**What this task involves:**
Would you copy, word for word, each line from the one with "Traueranzeige von Maria Bollof von UEL" to the end of the listing below, skipping all pictures?

**Information given:**
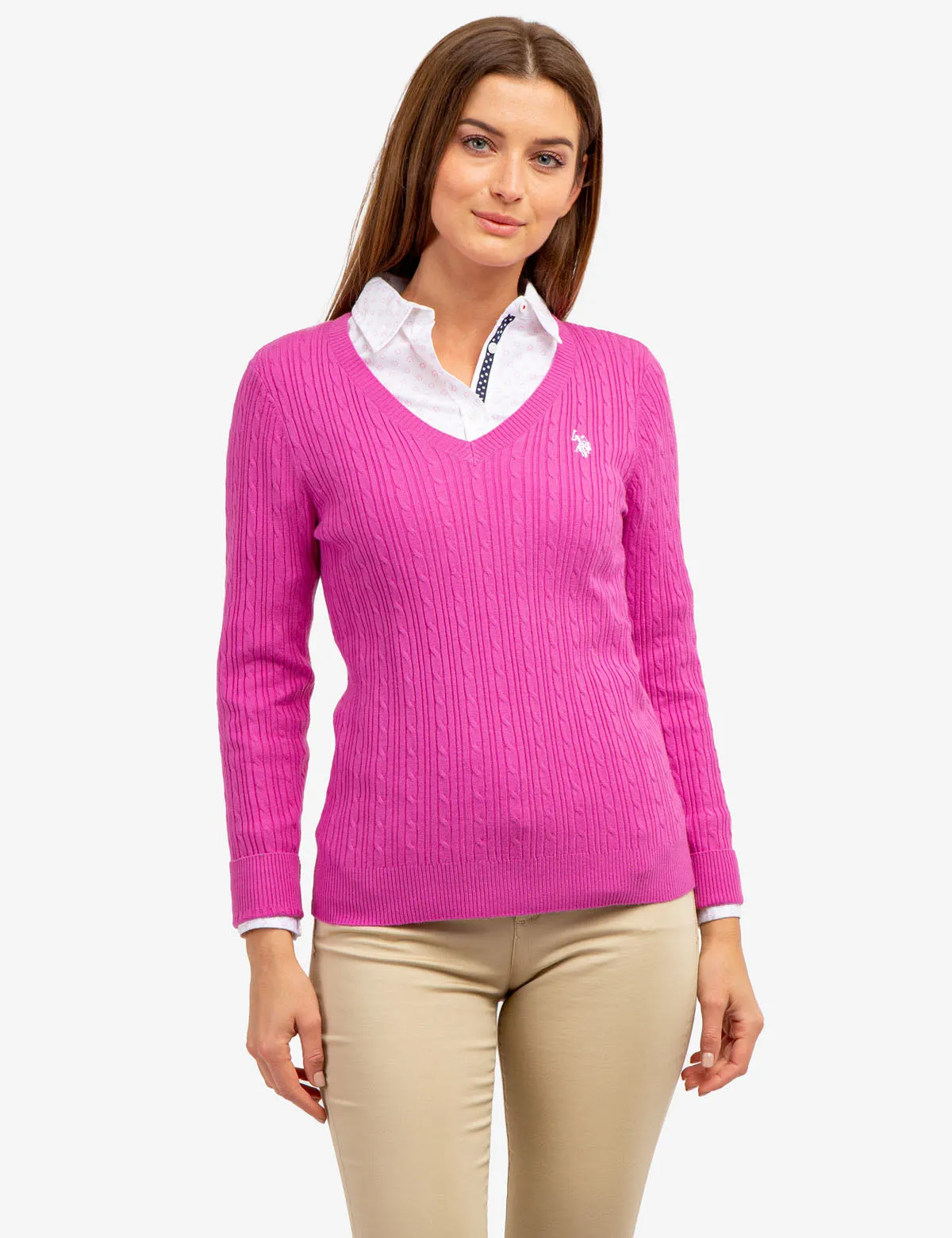 SOFT CABLE V-NECK SWEATER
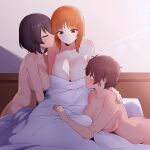  3girls amogan ass bed blue_eyes blush breasts brown_eyes brown_hair cleavage closed_eyes closed_mouth collarbone girls_und_panzer hand_on_another&#039;s_shoulder highres hoshino_(girls_und_panzer) imminent_kiss indoors large_breasts looking_at_another multiple_girls nishizumi_miho nude on_bed orange_hair short_hair smile suzuki_(girls_und_panzer) yuri 
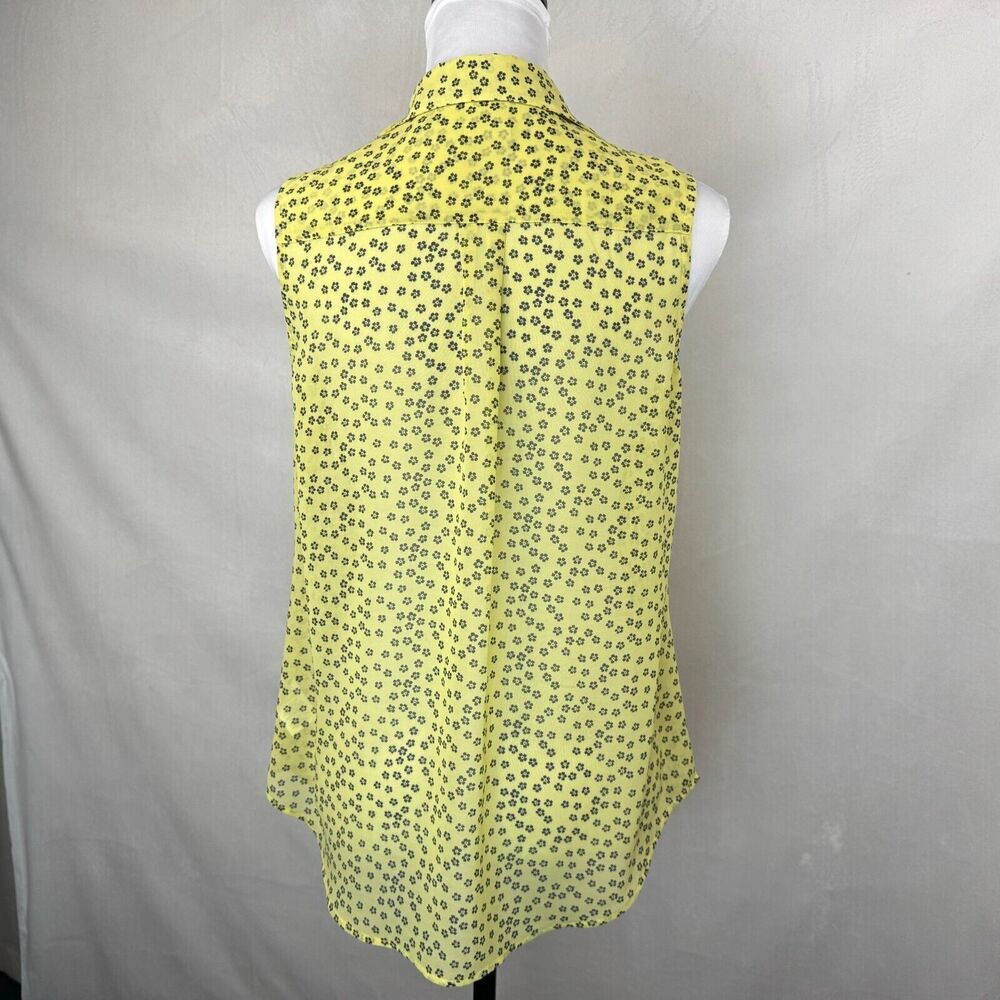 Cabi Viola Blouse Sz S Yellow Black Daisy Sleeveless Chiffon Sheer Button Down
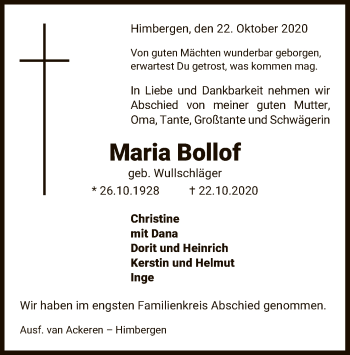 Traueranzeige von Maria Bollof von UEL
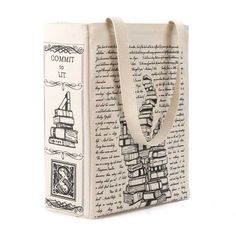 a tote bag with books printed on it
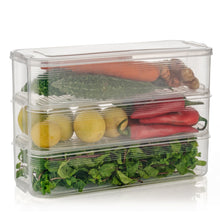 3 Fridge Storage Container, Fridge Organizer with Lid Stackable Fridge Storage Containers Plastic Freezer Storage Containers for Fish, Meat, Vegetables, Fruits, Pack of 3pcs, 1500ML Approx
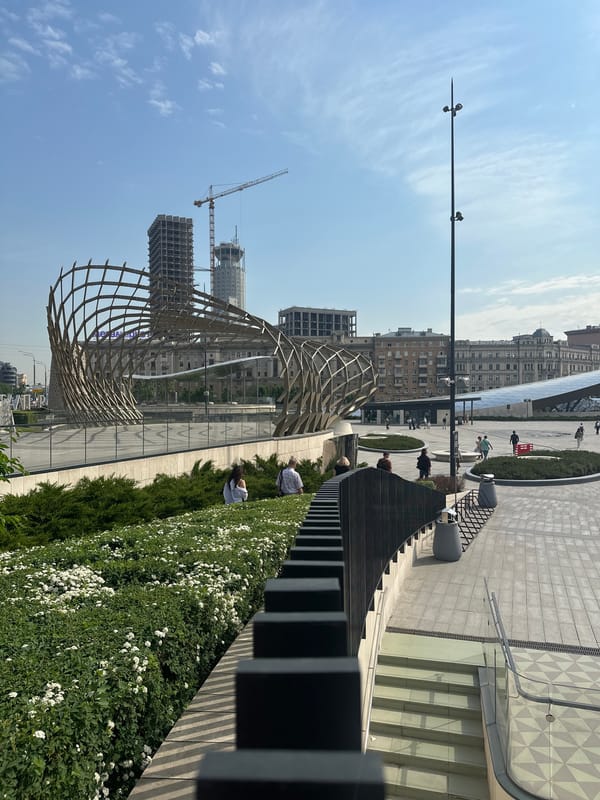 Morning activity documented at Moscow's Zaryadye Park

**Written reply:**
 Traueranzeige von Maria Bollof von UEL
 a tote bag with books printed on it
 3 Fridge Storage Container, Fridge Organizer with Lid Stackable Fridge Storage Containers Plastic Freezer Storage Containers for Fish, Meat, Vegetables, Fruits, Pack of 3pcs, 1500ML Approx
 Morning activity documented at Moscow's Zaryadye Park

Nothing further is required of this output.